Starting at the line that contains "Bearing: single row", print each line exactly through the end of the listing. Skip any pictures and add nothing.

(Recorded data)

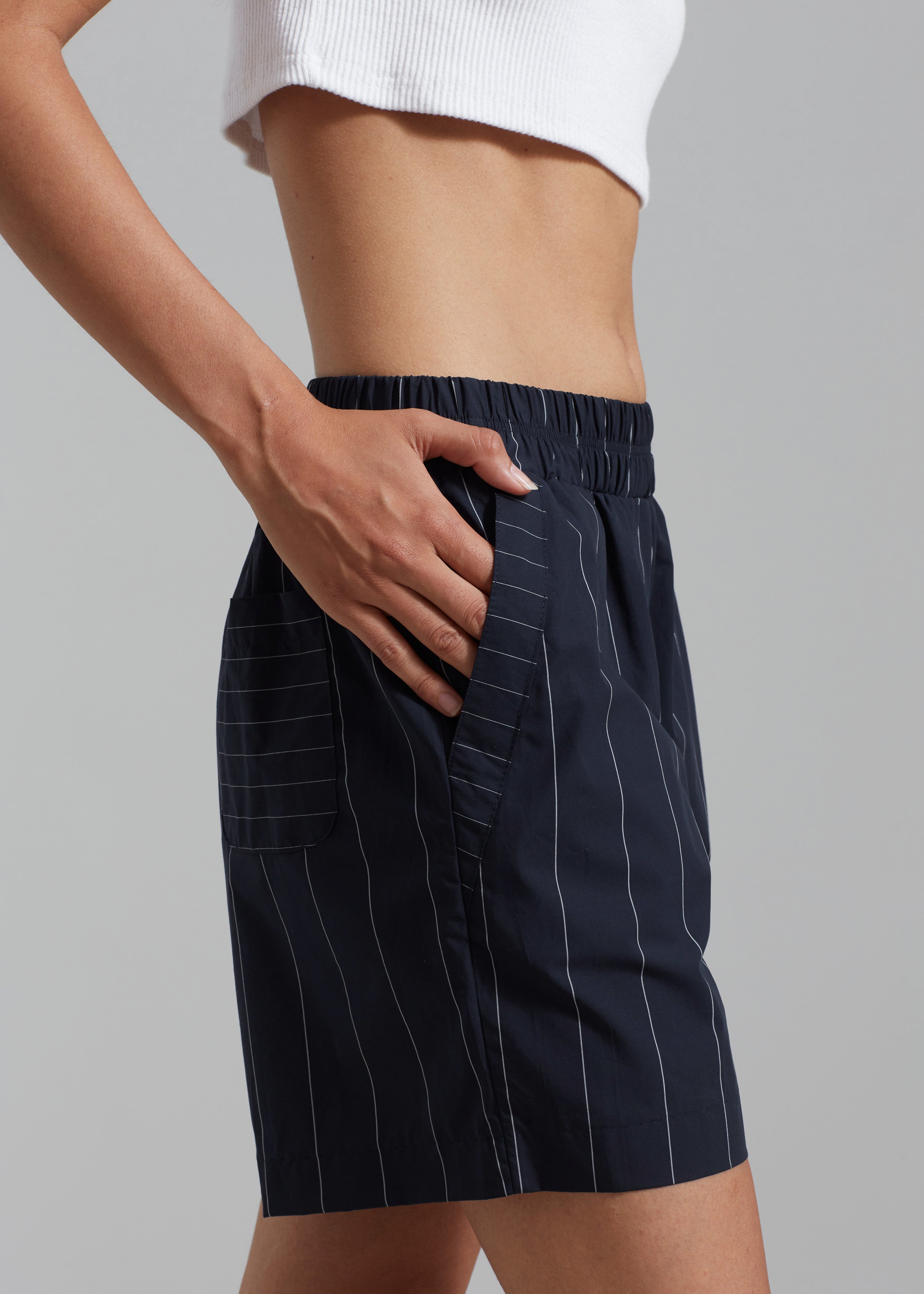 Finn Boxer Shorts - White Stripe - 6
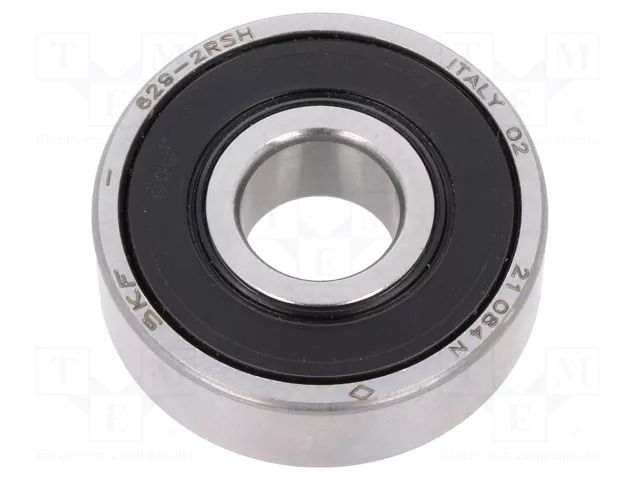 Bearing: single row deep groove ball; Øint: 9mm; Øout: 26mm; W: 8mm SKF SKF629-2RSH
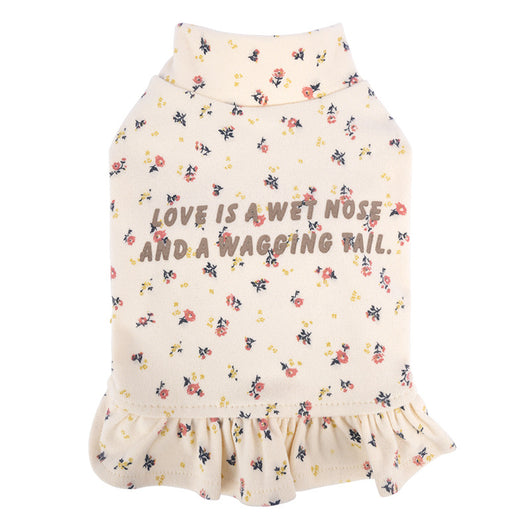 Suéter Floral para Perro Pequeño Bichon Teddy con Falda Interior - Image 2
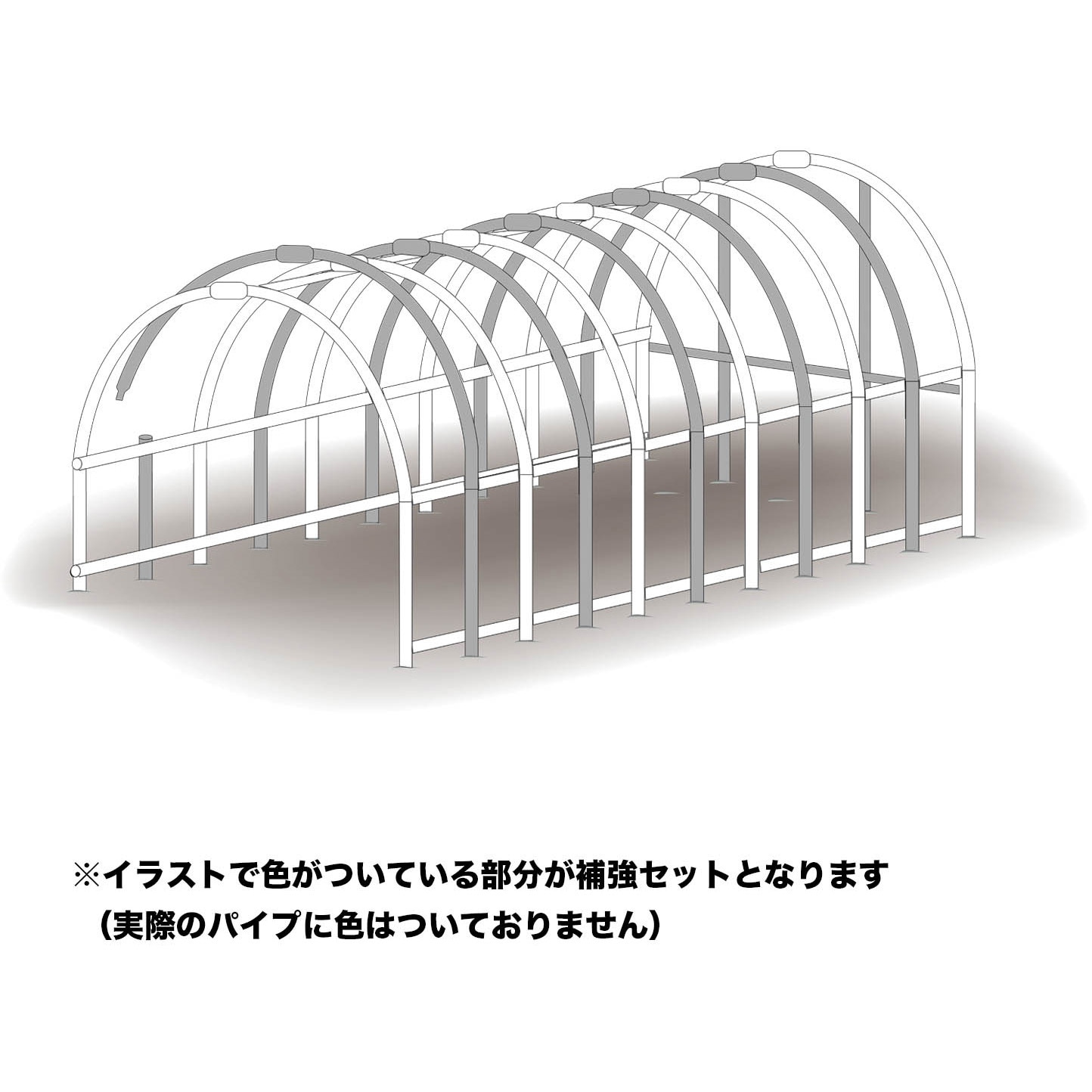 W678M用 パイプ車庫用補強セット 南榮工業 ミニバンタイプ用 補強セット対応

(End Recorded data)

Solution ->
 Bearing: single row deep groove ball; Øint: 9mm; Øout: 26mm; W: 8mm SKF SKF629-2RSH
 Suéter Floral para Perro Pequeño Bichon Teddy con Falda Interior - Image 2
 W678M用 パイプ車庫用補強セット 南榮工業 ミニバンタイプ用 補強セット対応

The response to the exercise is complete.